Understanding oppression

By: Charlotte Luft

South Africa, segregation and Hitler; what do these three things have in common? They are all perpetrators of oppression.

Oppression is defined by the Oxford English Dictionary as a prolonged cruel or unjust treatment or exercise of authority.

To begin The College at Brockport’s annual Tunnel of Oppression, held in the Union Ballroom March 7-8, counselors from the Hazen Health Center asked groups going in the tunnel how they defined oppression.

Everyone was given a chance to add to the definition before continuing on to the first of nine rooms.

Upon entering the first room groups were presented a slideshow showing people with disabilities, created by Pi Kappa Phi. The guide for the tunnel then read to the group how people with disabilities are being oppressed because able-bodied people look down on them.

The group was then lead into the next room about suicide, created by Residential Life. In the room there was a 16-minute video playing where people who knew someone who committed suicide talked about the way it was dealt with by them and others. On the wall of the room were quotes such as, “I sat there and my mind played every bad memory, every failure, every negative thought until it was screaming so loudly in my head I wanted to scream out loud”.

The Office of Diversity did its room on micro-aggression. On the wall of the room there were pictures of people from the internet that had been whitewashed. Throughout the room there were also cards with examples of micro-aggression and a quote card where people could fill out experiences they have had.

Groups were then led into the Organization for Students of African Descent’s room which visually displayed segregation by a rope down the center of the room which displayed two desks; one representing the experiences black people face and the other the privilege white people experience. They displayed a white board with the racial slur students at the college got an email about during the fall semester as well as two white females on the track and field team at the college wearing blackface in an Instagram post.


Poster for the Tunnel of Oppression. Photo: courtesy of http://www1.web.brockport.edu/leadership/tunnel.html


Cultural Council displayed President Donald Trump’s America by placing quotes from the president up on their wall, visually building the physiological wall Trump has created since the beginning of his presidency.

Girl Up played a one-minute video featuring a young girl named Kidan who spoke about her dreams for the future only to have her mother at the end of the video explain why Kidan would not be able to achieve her dreams. After watching the video groups were asked to add a message to the board to send to Kidan.

War on Poverty was the theme Habitat for Humanity chose for their room.
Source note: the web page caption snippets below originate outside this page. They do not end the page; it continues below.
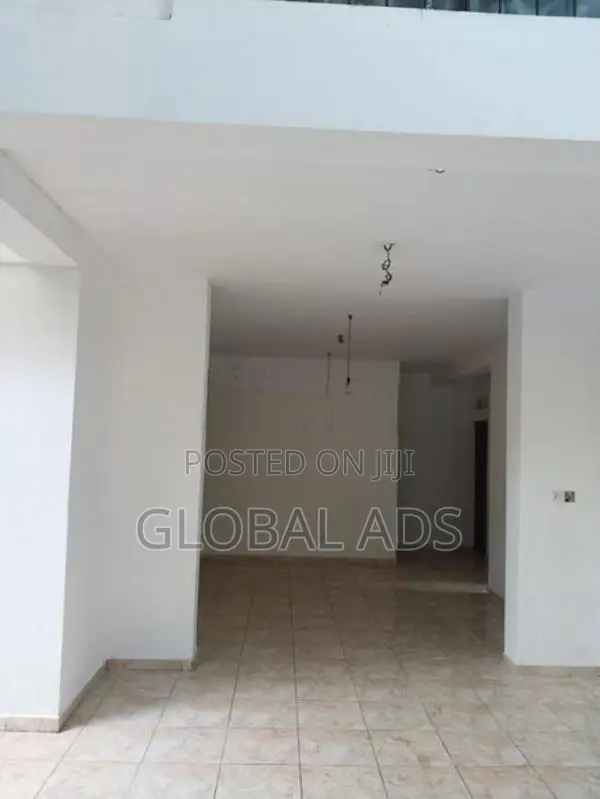 Upstair House For Rent in Ganemulla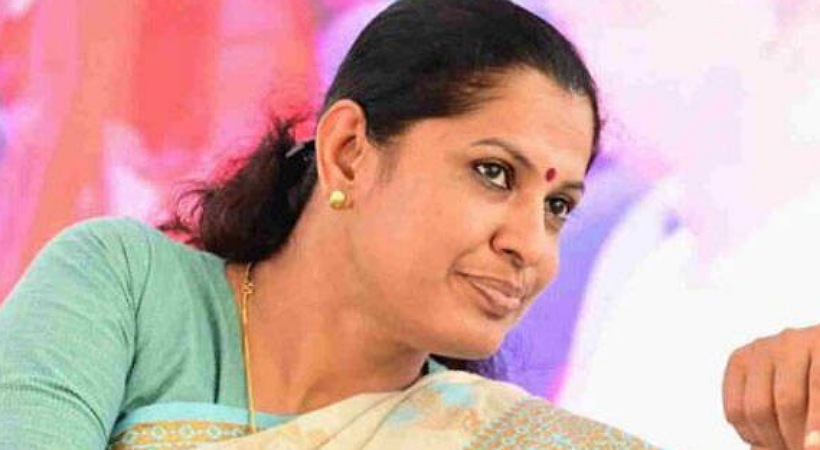 നവീൻ ബാബുവിന്റെ കുടുംബം നഷ്ടപരിഹാരം ആവശ്യപ്പെട്ടതിന് പിന്നാലെ ദിവ്യയുടെ പോസ്റ്റ്, ‘അഴിമതി അവകാശമാക്കാൻ ശ്രമിക്കുന്നവരുള്ളപ്പോൾ എങ്ങനെ പ്രതികരിക്കാനാണ്’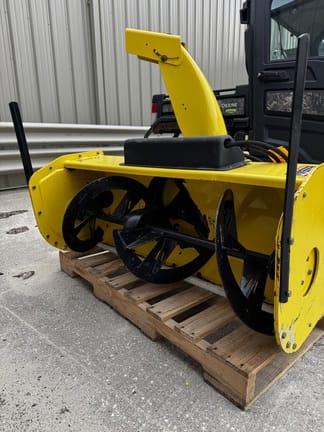 Main image John Deere 47" Snow Blower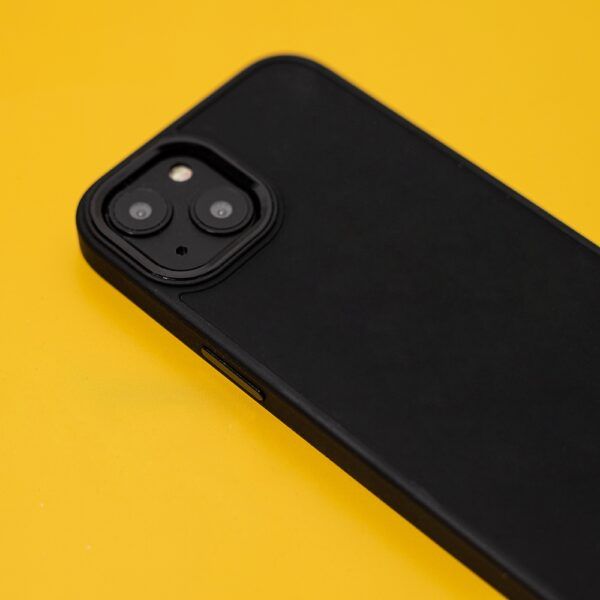 Ümbris Satin iPhone 15 Plus 6,7" (must)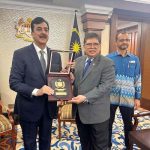 Chairman Senate of Pakistan, Syed Yousaf Raza Gilani presenting souvenir to His Excellency Tan Sri Dato' DR. Johari Bin Abdul, Speaker of The House of Representatives of Malaysia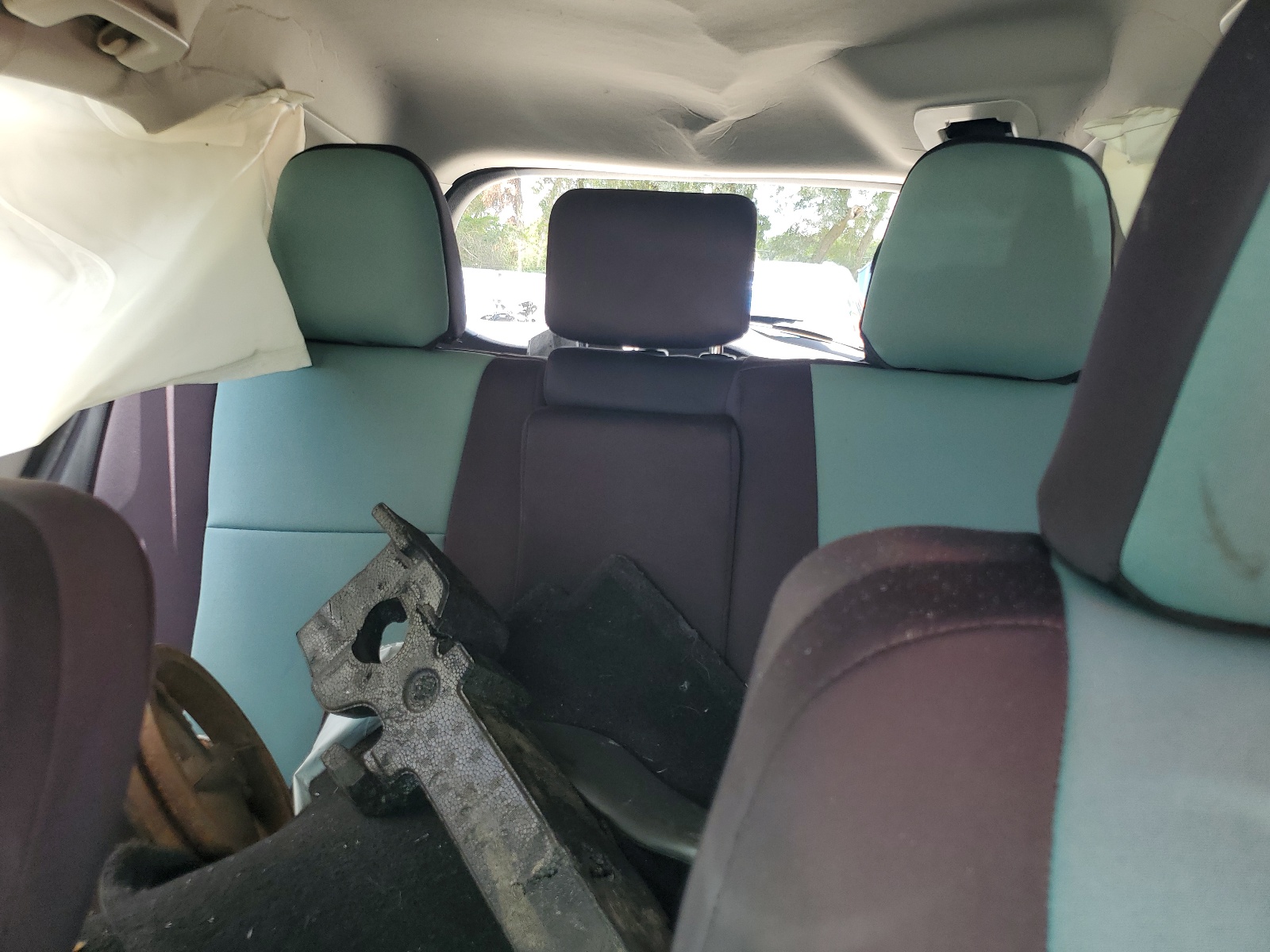 JTMWFREV2GJ098664 2016 Toyota Rav4 Xle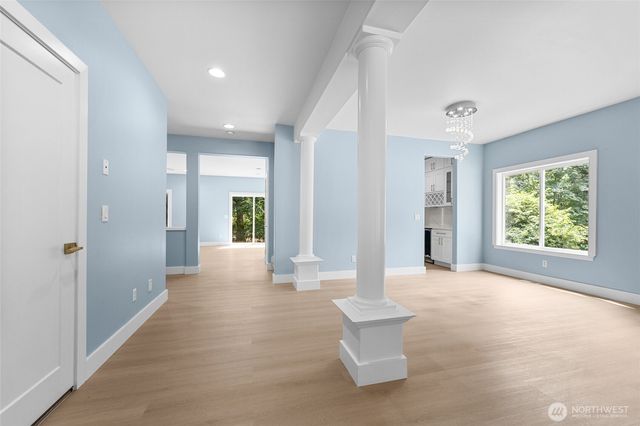 21927 45th Ave SE, Bothell, WA 98021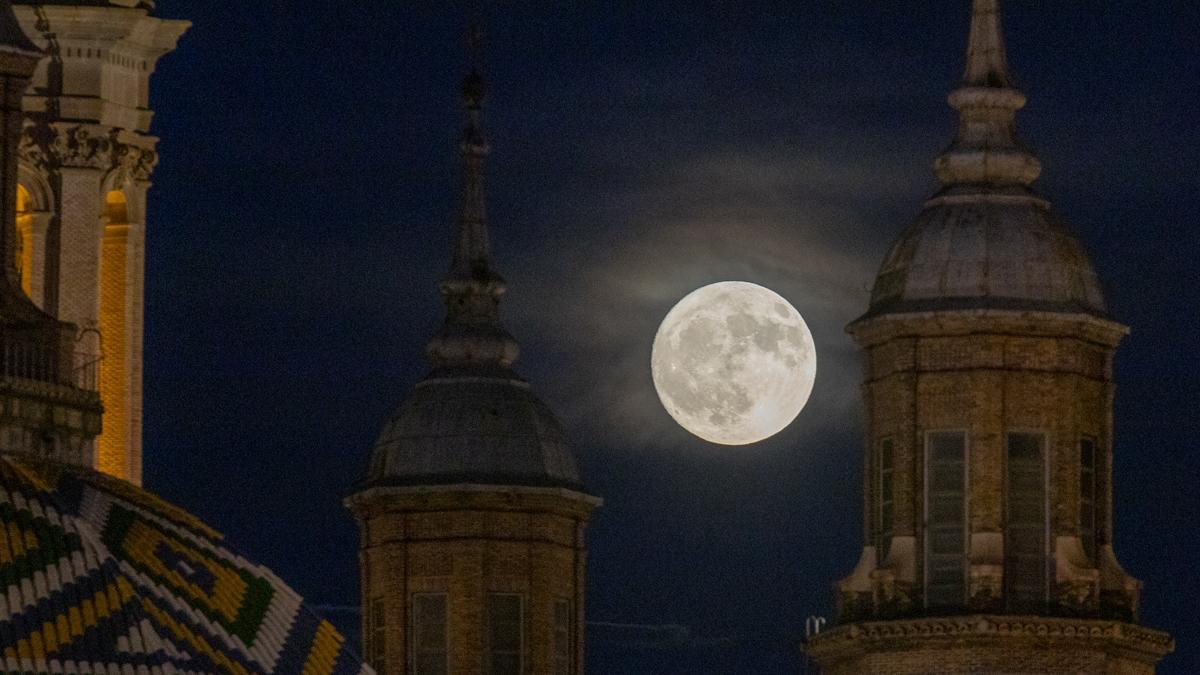 La luna llena de julio del año pasado, la superluna de ciervo, vista desde Zaragoza.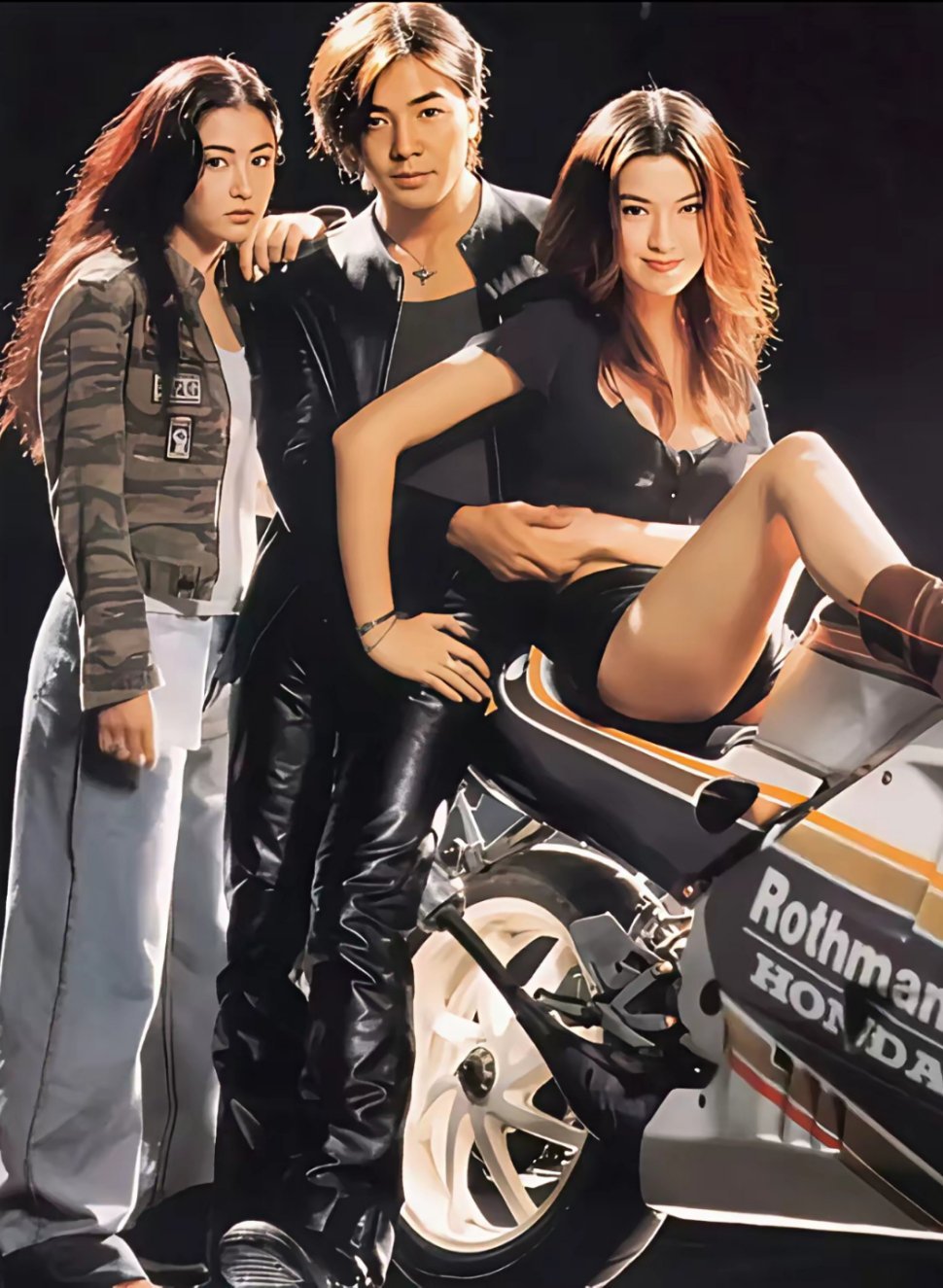 流行是一场轮回。那个年代张柏芝穿着宽腿裤，正是现在流行的；郑伊健的皮裤，汪峰一直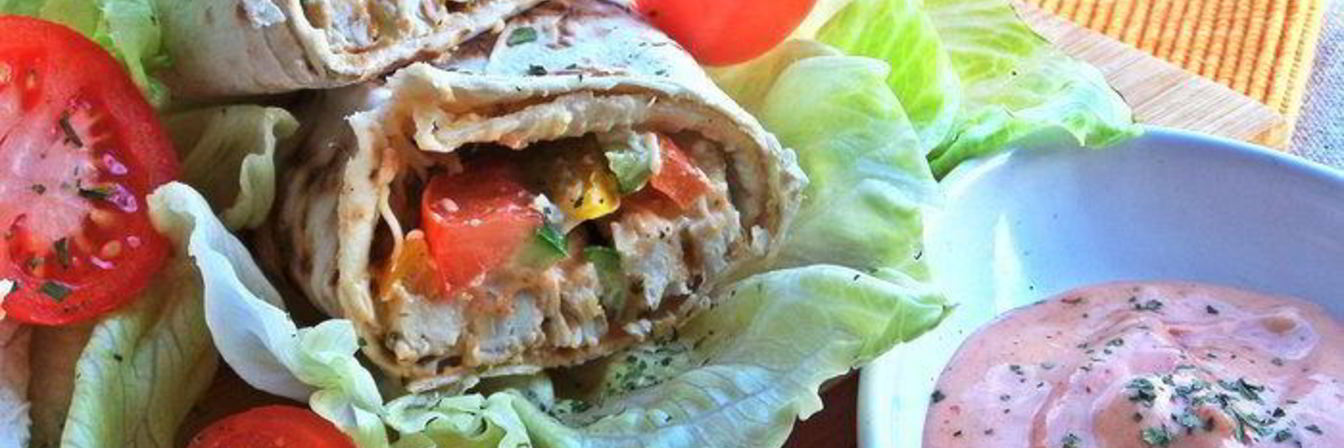 Курица с овощами в лаваше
In its room it posted reasons why people were poor and statistical information about homeless people such as, “20-25 percent of the single adult homeless population suffers from some form of severe/persistent mental illness”.

The National Society of Collegiate Scholars had two poster boards on the floor of their room. One of the posters featured facts about low-income schools and the other about high-income schools. One fact featured on the board was that low-income students are four years behind in grade level by the time reach 12th grade.

Women in Technology portrayed a room about the oppression of women in six different industries. There were six large sheets of paper in the shape of a body posted to the wall in the room with facts about each industry. The six industries that were focused on were: sports, media, financial and accounting, science technology engineering and math, legal, and medical.

The tunnel finished with the Hope Wall, which featured quotes from people who had been through the tunnel to keep people optimistic for change.

Students left the tunnel of oppression with more knowledge and a lot to think about in regards to different social issues.